What you will do:
Beginning with the line where "Bereketli tropik yeşillik" appears, restate each line word for word until the data ends. Pictures do not go in.

Source material:

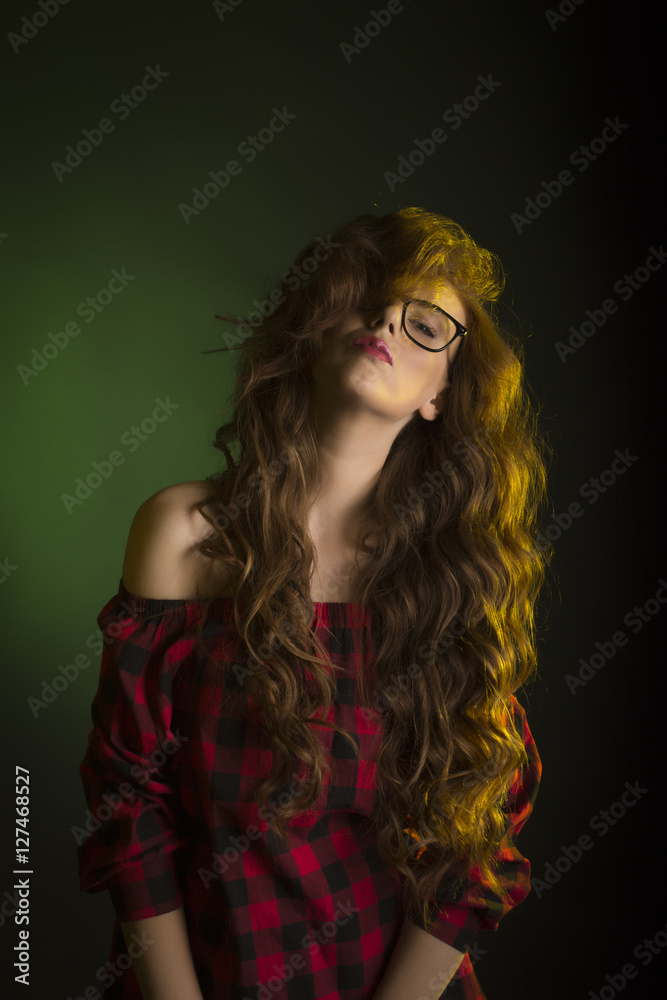 Confident young model wearing glasses. Studio portrait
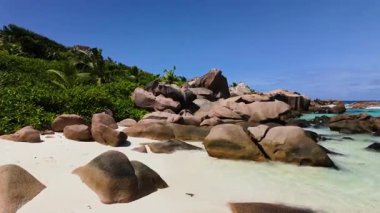 Bereketli tropik yeşillik ve turkuaz sularla çevrili beyaz kumlu bir sahilden granit kayalar yükseliyor. Anse Cocos. Seyşeller, La Digue.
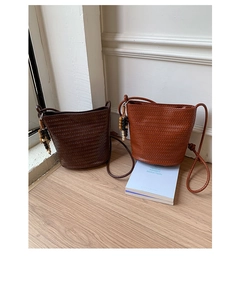 Close-up of woven bucket bags featuring natural wooden beads and fine rope straps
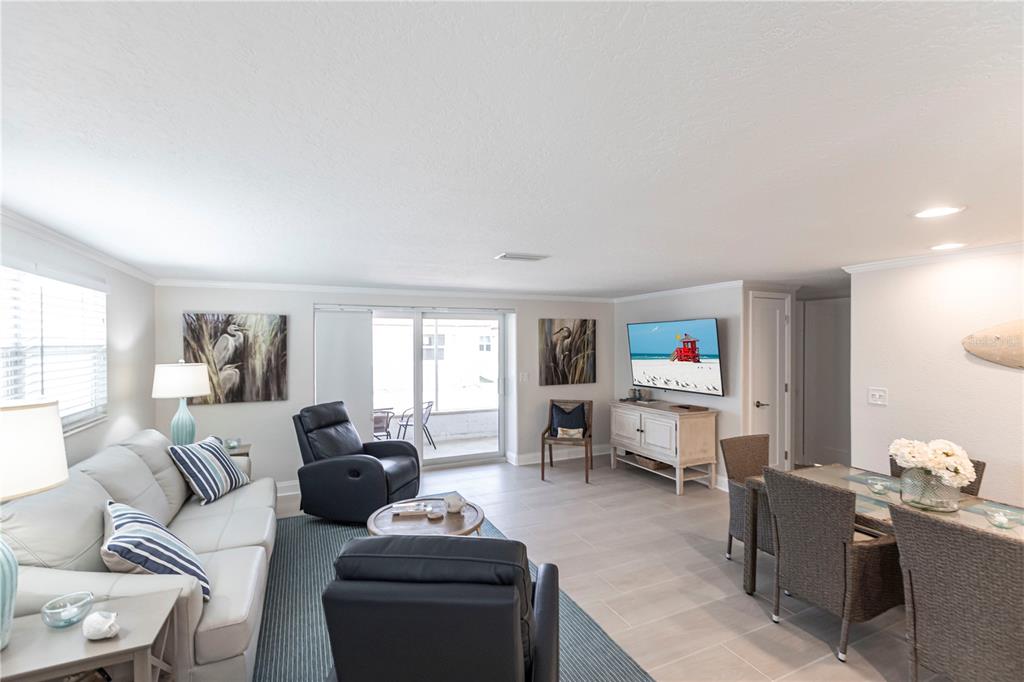 A living and dining area features a light sofa, two recliners, and tile flooring — 6154 MIDNIGHT PASS ROAD UNIT D15, SARASOTA, FL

Exercise answer:
 Bereketli tropik yeşillik ve turkuaz sularla çevrili beyaz kumlu bir sahilden granit kayalar yükseliyor. Anse Cocos. Seyşeller, La Digue.
 Close-up of woven bucket bags featuring natural wooden beads and fine rope straps
 A living and dining area features a light sofa, two recliners, and tile flooring — 6154 MIDNIGHT PASS ROAD UNIT D15, SARASOTA, FL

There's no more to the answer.